__WHAT TO PRODUCE__: Each record should be output exactly, with every character kept.

[[ INFORMATION PROVIDED open ]]

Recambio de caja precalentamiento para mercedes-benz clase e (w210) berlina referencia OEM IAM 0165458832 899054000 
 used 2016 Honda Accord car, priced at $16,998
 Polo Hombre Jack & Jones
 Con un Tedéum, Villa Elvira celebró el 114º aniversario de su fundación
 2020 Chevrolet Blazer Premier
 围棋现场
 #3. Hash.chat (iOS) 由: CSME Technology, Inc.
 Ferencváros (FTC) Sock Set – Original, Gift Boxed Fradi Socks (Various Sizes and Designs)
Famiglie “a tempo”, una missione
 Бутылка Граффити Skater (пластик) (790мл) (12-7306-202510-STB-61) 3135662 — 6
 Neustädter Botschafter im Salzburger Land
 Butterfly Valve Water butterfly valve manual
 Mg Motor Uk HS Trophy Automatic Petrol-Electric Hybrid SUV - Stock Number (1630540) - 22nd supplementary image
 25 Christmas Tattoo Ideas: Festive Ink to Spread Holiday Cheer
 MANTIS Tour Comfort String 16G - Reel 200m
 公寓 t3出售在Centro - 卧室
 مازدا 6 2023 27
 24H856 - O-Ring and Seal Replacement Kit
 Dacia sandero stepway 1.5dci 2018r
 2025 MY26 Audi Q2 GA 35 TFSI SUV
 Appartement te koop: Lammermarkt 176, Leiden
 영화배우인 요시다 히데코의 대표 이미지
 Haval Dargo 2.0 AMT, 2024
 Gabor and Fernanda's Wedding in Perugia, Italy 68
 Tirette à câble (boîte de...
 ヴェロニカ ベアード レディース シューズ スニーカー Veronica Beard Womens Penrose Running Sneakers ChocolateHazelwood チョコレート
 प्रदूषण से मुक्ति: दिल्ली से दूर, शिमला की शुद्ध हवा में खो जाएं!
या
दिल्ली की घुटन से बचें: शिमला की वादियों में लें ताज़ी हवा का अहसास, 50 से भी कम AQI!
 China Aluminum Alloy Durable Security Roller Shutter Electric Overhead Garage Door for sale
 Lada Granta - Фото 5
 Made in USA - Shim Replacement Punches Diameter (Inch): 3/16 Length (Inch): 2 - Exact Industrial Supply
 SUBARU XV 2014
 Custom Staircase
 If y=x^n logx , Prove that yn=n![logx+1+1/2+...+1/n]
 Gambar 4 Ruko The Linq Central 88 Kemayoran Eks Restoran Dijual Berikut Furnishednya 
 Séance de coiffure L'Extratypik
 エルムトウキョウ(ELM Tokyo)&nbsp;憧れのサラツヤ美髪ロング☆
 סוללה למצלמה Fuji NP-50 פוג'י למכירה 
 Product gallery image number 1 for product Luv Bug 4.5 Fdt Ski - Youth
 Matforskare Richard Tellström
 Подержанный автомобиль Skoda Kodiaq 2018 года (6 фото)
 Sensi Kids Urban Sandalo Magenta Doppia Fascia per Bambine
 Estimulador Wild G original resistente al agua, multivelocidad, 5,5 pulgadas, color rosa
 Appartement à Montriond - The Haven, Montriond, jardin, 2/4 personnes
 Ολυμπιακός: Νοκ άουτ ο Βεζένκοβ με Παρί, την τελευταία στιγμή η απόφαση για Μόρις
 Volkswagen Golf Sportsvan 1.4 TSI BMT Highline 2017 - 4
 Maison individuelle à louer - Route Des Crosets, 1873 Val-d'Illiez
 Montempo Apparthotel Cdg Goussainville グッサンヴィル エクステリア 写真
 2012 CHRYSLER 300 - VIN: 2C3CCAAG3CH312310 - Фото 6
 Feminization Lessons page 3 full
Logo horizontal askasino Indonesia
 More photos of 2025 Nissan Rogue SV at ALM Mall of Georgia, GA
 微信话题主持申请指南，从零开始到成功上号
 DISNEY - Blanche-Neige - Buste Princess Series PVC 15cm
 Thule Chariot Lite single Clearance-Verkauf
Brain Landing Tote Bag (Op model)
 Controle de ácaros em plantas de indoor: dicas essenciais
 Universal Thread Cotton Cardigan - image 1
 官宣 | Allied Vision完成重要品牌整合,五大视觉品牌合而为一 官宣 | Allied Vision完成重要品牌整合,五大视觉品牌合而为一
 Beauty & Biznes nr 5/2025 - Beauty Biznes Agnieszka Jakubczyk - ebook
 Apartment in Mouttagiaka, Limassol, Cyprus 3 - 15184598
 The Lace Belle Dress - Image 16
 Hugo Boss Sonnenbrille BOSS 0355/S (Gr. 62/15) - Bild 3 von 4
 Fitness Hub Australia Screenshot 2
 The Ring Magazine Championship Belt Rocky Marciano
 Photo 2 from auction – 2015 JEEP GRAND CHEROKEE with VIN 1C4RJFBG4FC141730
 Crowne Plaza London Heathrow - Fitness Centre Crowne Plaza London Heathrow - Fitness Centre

[[ INFORMATION PROVIDED closed ]]

__YOUR RESPONSE__:
Recambio de caja precalentamiento para mercedes-benz clase e (w210) berlina referencia OEM IAM 0165458832 899054000 
 used 2016 Honda Accord car, priced at $16,998
 Polo Hombre Jack & Jones
 Con un Tedéum, Villa Elvira celebró el 114º aniversario de su fundación
 2020 Chevrolet Blazer Premier
 围棋现场
 #3. Hash.chat (iOS) 由: CSME Technology, Inc.
 Ferencváros (FTC) Sock Set – Original, Gift Boxed Fradi Socks (Various Sizes and Designs)
Famiglie “a tempo”, una missione
 Бутылка Граффити Skater (пластик) (790мл) (12-7306-202510-STB-61) 3135662 — 6
 Neustädter Botschafter im Salzburger Land
 Butterfly Valve Water butterfly valve manual
 Mg Motor Uk HS Trophy Automatic Petrol-Electric Hybrid SUV - Stock Number (1630540) - 22nd supplementary image
 25 Christmas Tattoo Ideas: Festive Ink to Spread Holiday Cheer
 MANTIS Tour Comfort String 16G - Reel 200m
 公寓 t3出售在Centro - 卧室
 مازدا 6 2023 27
 24H856 - O-Ring and Seal Replacement Kit
 Dacia sandero stepway 1.5dci 2018r
 2025 MY26 Audi Q2 GA 35 TFSI SUV
 Appartement te koop: Lammermarkt 176, Leiden
 영화배우인 요시다 히데코의 대표 이미지
 Haval Dargo 2.0 AMT, 2024
 Gabor and Fernanda's Wedding in Perugia, Italy 68
 Tirette à câble (boîte de...
 ヴェロニカ ベアード レディース シューズ スニーカー Veronica Beard Womens Penrose Running Sneakers ChocolateHazelwood チョコレート
 प्रदूषण से मुक्ति: दिल्ली से दूर, शिमला की शुद्ध हवा में खो जाएं!
या
दिल्ली की घुटन से बचें: शिमला की वादियों में लें ताज़ी हवा का अहसास, 50 से भी कम AQI!
 China Aluminum Alloy Durable Security Roller Shutter Electric Overhead Garage Door for sale
 Lada Granta - Фото 5
 Made in USA - Shim Replacement Punches Diameter (Inch): 3/16 Length (Inch): 2 - Exact Industrial Supply
 SUBARU XV 2014
 Custom Staircase
 If y=x^n logx , Prove that yn=n![logx+1+1/2+...+1/n]
 Gambar 4 Ruko The Linq Central 88 Kemayoran Eks Restoran Dijual Berikut Furnishednya 
 Séance de coiffure L'Extratypik
 エルムトウキョウ(ELM Tokyo)&nbsp;憧れのサラツヤ美髪ロング☆
 סוללה למצלמה Fuji NP-50 פוג'י למכירה 
 Product gallery image number 1 for product Luv Bug 4.5 Fdt Ski - Youth
 Matforskare Richard Tellström
 Подержанный автомобиль Skoda Kodiaq 2018 года (6 фото)
 Sensi Kids Urban Sandalo Magenta Doppia Fascia per Bambine
 Estimulador Wild G original resistente al agua, multivelocidad, 5,5 pulgadas, color rosa
 Appartement à Montriond - The Haven, Montriond, jardin, 2/4 personnes
 Ολυμπιακός: Νοκ άουτ ο Βεζένκοβ με Παρί, την τελευταία στιγμή η απόφαση για Μόρις
 Volkswagen Golf Sportsvan 1.4 TSI BMT Highline 2017 - 4
 Maison individuelle à louer - Route Des Crosets, 1873 Val-d'Illiez
 Montempo Apparthotel Cdg Goussainville グッサンヴィル エクステリア 写真
 2012 CHRYSLER 300 - VIN: 2C3CCAAG3CH312310 - Фото 6
 Feminization Lessons page 3 full
Logo horizontal askasino Indonesia
 More photos of 2025 Nissan Rogue SV at ALM Mall of Georgia, GA
 微信话题主持申请指南，从零开始到成功上号
 DISNEY - Blanche-Neige - Buste Princess Series PVC 15cm
 Thule Chariot Lite single Clearance-Verkauf
Brain Landing Tote Bag (Op model)
 Controle de ácaros em plantas de indoor: dicas essenciais
 Universal Thread Cotton Cardigan - image 1
 官宣 | Allied Vision完成重要品牌整合,五大视觉品牌合而为一 官宣 | Allied Vision完成重要品牌整合,五大视觉品牌合而为一
 Beauty & Biznes nr 5/2025 - Beauty Biznes Agnieszka Jakubczyk - ebook
 Apartment in Mouttagiaka, Limassol, Cyprus 3 - 15184598
 The Lace Belle Dress - Image 16
 Hugo Boss Sonnenbrille BOSS 0355/S (Gr. 62/15) - Bild 3 von 4
 Fitness Hub Australia Screenshot 2
 The Ring Magazine Championship Belt Rocky Marciano
 Photo 2 from auction – 2015 JEEP GRAND CHEROKEE with VIN 1C4RJFBG4FC141730
 Crowne Plaza London Heathrow - Fitness Centre Crowne Plaza London Heathrow - Fitness Centre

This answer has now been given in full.